What the exercise asks – The response should consist of the data below, copied exactly, with no pictures in it.

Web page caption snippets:
----------

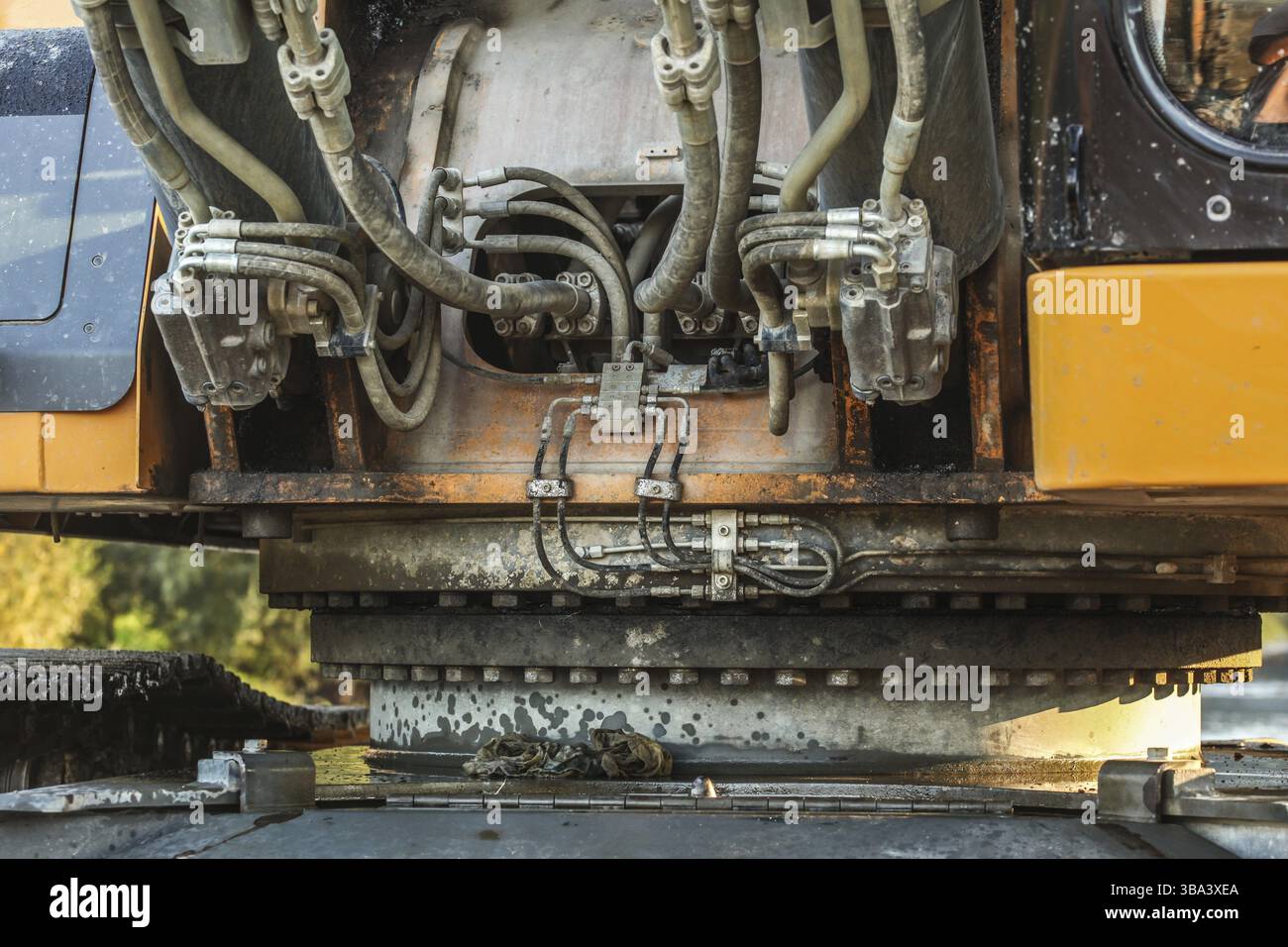 Dettaglio cavi e meccanismo idraulico escavatore (macchina da scavo). Foto illustrativa dell'industria edile astratta, Liptovsky Hradok, Slovacchia, Euro Foto Stock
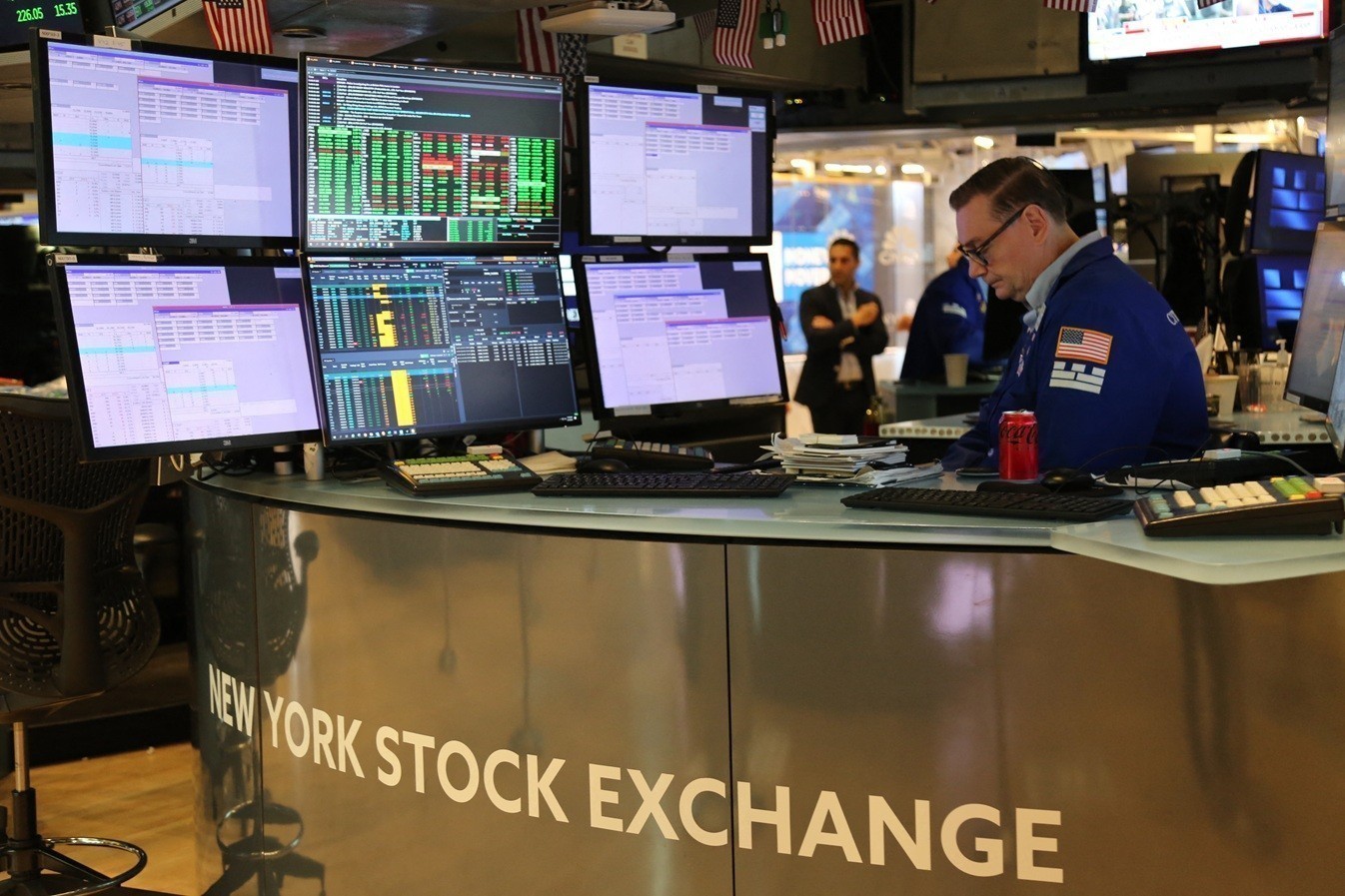 Wall Street: Συγκρατημένες κινήσεις μετά το ρεκόρ του Dow Jones – «Βουτιά» για τη Netflix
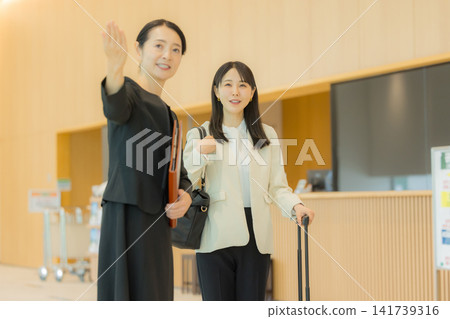 在大堂指導的女人 在大堂指導的女人 141739316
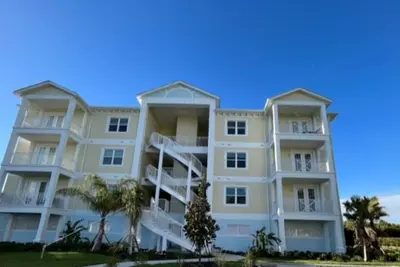 Image de New Turnkey Bay Front 3-bedroom 2-full baths 1-half bath on Palma Sola Bay Club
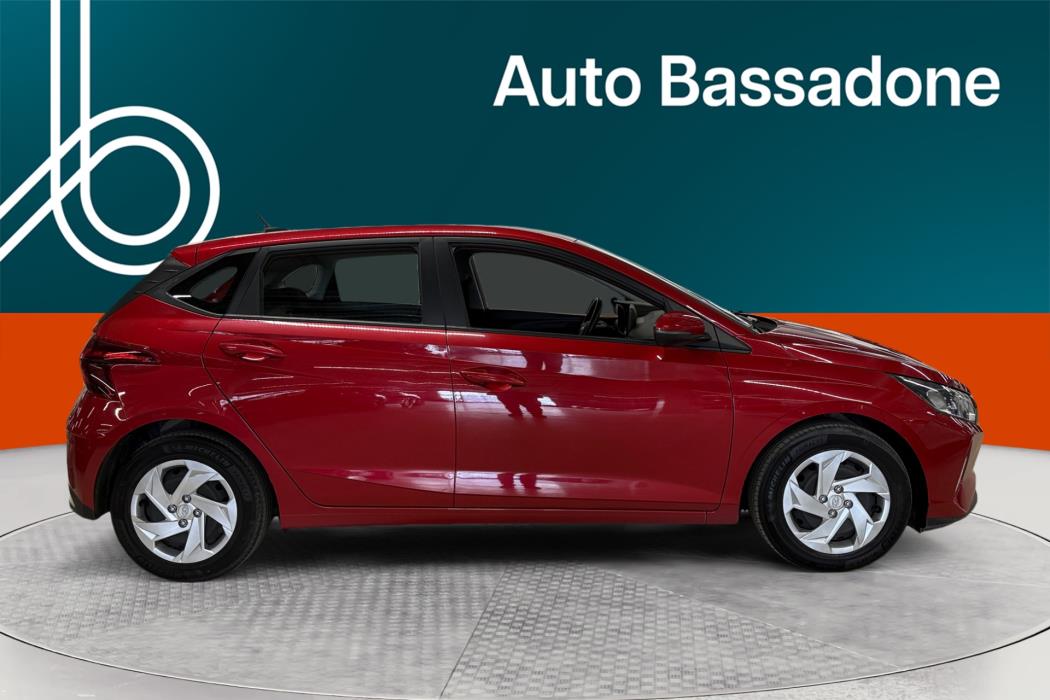 HYUNDAI i20 Hatchback 2021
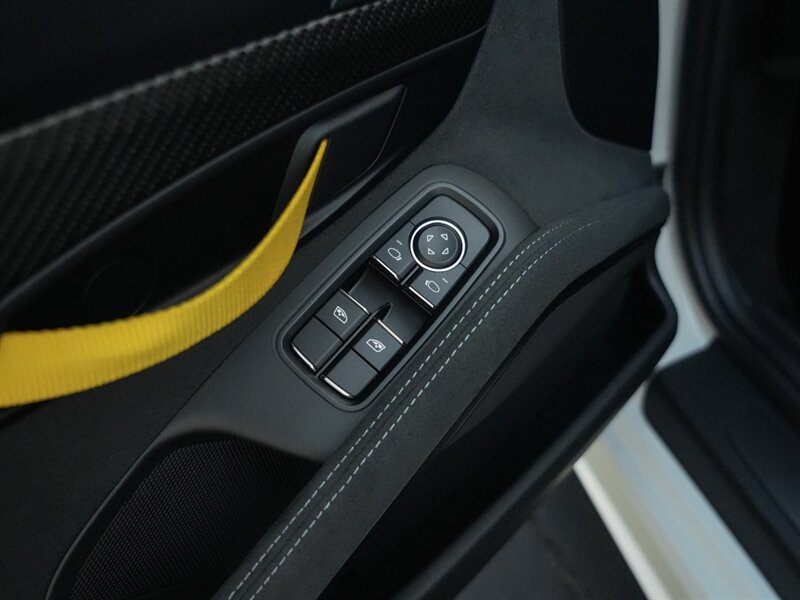 2024 Porsche 718 Cayman GT4 RS - Photo 27 - Bonita Springs, FL 34134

----------

Exercise response –
 Dettaglio cavi e meccanismo idraulico escavatore (macchina da scavo). Foto illustrativa dell'industria edile astratta, Liptovsky Hradok, Slovacchia, Euro Foto Stock
 Wall Street: Συγκρατημένες κινήσεις μετά το ρεκόρ του Dow Jones – «Βουτιά» για τη Netflix
 在大堂指導的女人 在大堂指導的女人 141739316
 Image de New Turnkey Bay Front 3-bedroom 2-full baths 1-half bath on Palma Sola Bay Club
 HYUNDAI i20 Hatchback 2021
 2024 Porsche 718 Cayman GT4 RS - Photo 27 - Bonita Springs, FL 34134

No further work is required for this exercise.